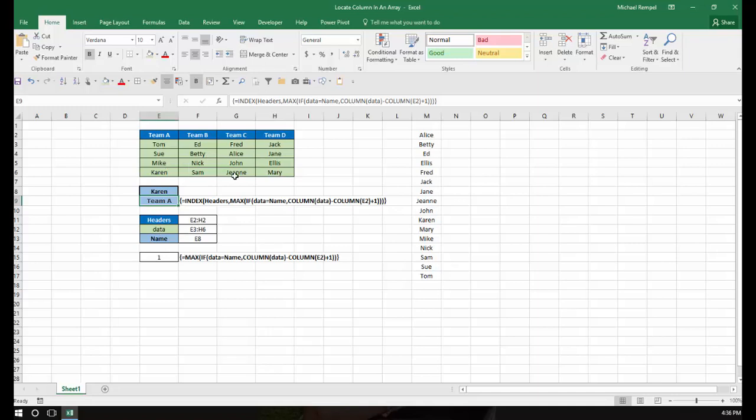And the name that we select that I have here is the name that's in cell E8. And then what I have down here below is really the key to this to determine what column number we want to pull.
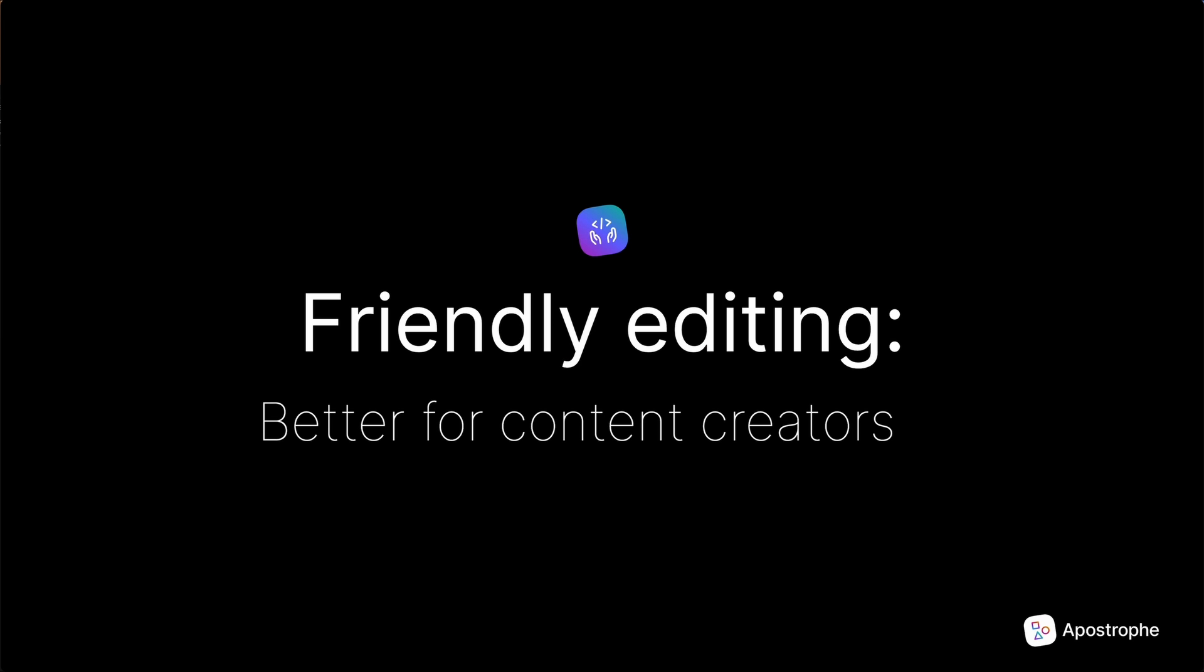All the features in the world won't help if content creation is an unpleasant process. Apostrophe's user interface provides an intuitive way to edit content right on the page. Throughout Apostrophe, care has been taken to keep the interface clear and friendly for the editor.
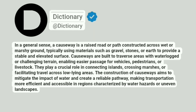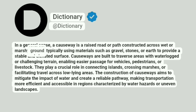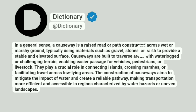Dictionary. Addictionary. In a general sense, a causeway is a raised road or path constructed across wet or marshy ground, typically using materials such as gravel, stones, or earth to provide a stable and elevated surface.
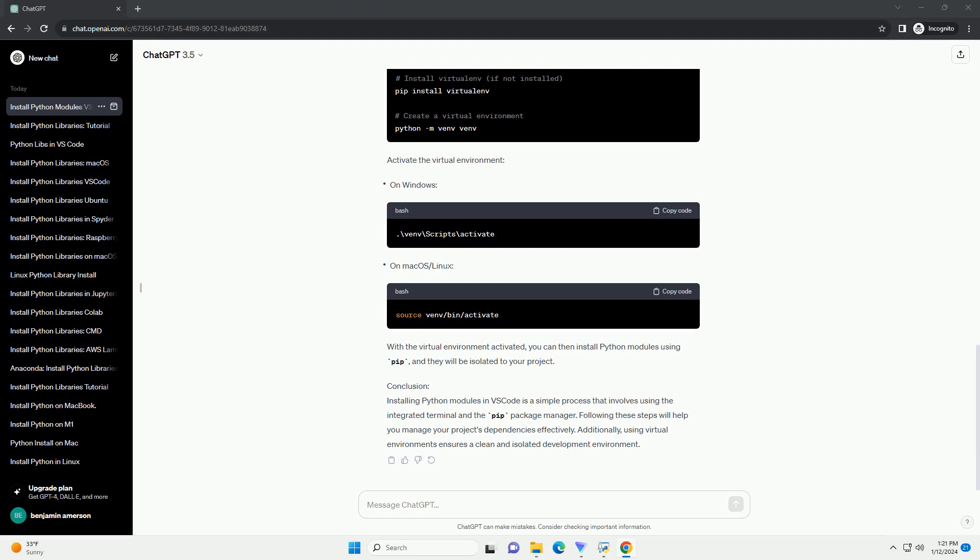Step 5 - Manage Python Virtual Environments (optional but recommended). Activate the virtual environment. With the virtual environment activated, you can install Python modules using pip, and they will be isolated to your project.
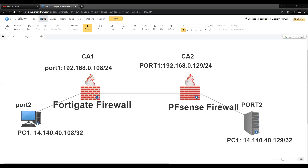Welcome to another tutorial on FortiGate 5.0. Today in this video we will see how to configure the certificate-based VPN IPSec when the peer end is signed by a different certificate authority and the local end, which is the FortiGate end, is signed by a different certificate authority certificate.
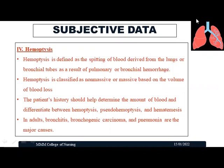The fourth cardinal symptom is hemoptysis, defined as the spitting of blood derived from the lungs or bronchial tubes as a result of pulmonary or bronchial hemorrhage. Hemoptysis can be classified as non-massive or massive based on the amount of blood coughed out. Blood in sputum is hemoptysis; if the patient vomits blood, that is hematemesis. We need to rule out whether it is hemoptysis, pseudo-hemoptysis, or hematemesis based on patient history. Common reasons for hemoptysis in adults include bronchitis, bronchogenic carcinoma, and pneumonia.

· · · · ·

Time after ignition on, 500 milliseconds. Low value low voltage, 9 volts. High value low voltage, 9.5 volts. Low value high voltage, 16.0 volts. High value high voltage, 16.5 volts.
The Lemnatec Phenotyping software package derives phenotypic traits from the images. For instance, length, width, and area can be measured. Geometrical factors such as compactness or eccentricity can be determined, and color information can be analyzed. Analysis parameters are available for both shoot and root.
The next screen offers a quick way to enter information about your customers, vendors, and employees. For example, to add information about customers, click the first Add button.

· · · · ·

Task goal: Above are entries with pictures among them. Write out exactly the lines from the one containing "Step 5 - Manage" through the one containing "Welcome to another", ends included, and leave those pictures out.

Reply:
Step 5 - Manage Python Virtual Environments (optional but recommended). Activate the virtual environment. With the virtual environment activated, you can install Python modules using pip, and they will be isolated to your project.
Welcome to another tutorial on FortiGate 5.0. Today in this video we will see how to configure the certificate-based VPN IPSec when the peer end is signed by a different certificate authority and the local end, which is the FortiGate end, is signed by a different certificate authority certificate.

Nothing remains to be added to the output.